Wind and Pressure Distribution on the Earth Surface for GSI, GG Gate, and CSIR Earth Science NET Exam

Mean Sea level pressure in July

Table of Contents

Distribution of Wind and Pressure over the surface of the earth

In subtropical region, the northeast trade winds and southeast trade winds prevail in the northern and southern hemisphere respectively. They are separated near the equator by a zone of prevailing calms known as ‘doldrums’.

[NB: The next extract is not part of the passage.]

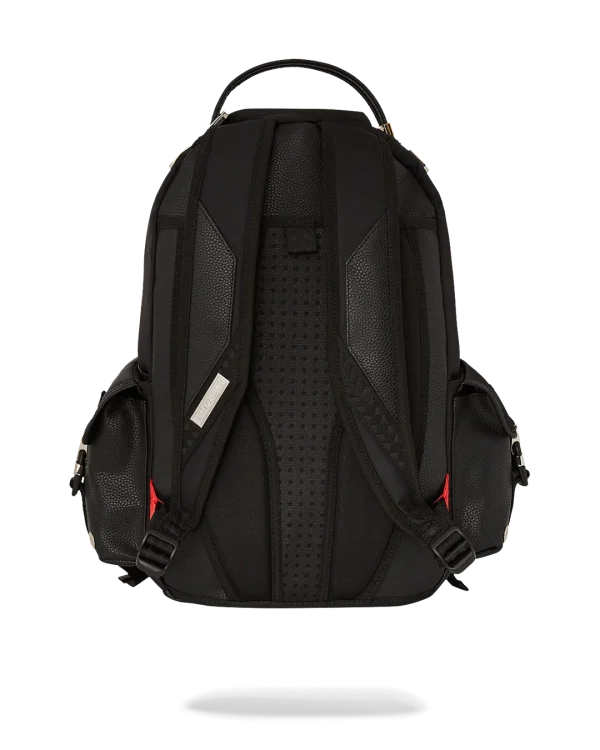 THE RED CARPET BACKPACK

However, the doldrums are frequently absent in one part or the other of the equatorial zone. Then the northeast trades and southeast trades meet directly at a surface of discontinuity on which strong rainsqualls may develop. The zone of doldrums is largely north of equator. Over some parts of the earth it even extends into southern hemisphere. Where the zone of doldrums is displaced far north from its symmetrical position at the equator, the southeast trade winds may reach into the northern hemisphere and get deflected into southwest winds under the influence of the coriolis force. Beyond the trade wind regions of each hemisphere are the zones of ‘prevailing westerlies’. These westerlies are better developed in the southern hemisphere than in the northern hemisphere. These zones of westerlies are the regions of the migrating cyclones and anticyclones. Poleward from the region of westerlies, beyond 65 to 75 latitude easterly winds with a component towards the equator prevail. The wind distribution as described is closely connected with the general pressure distribution.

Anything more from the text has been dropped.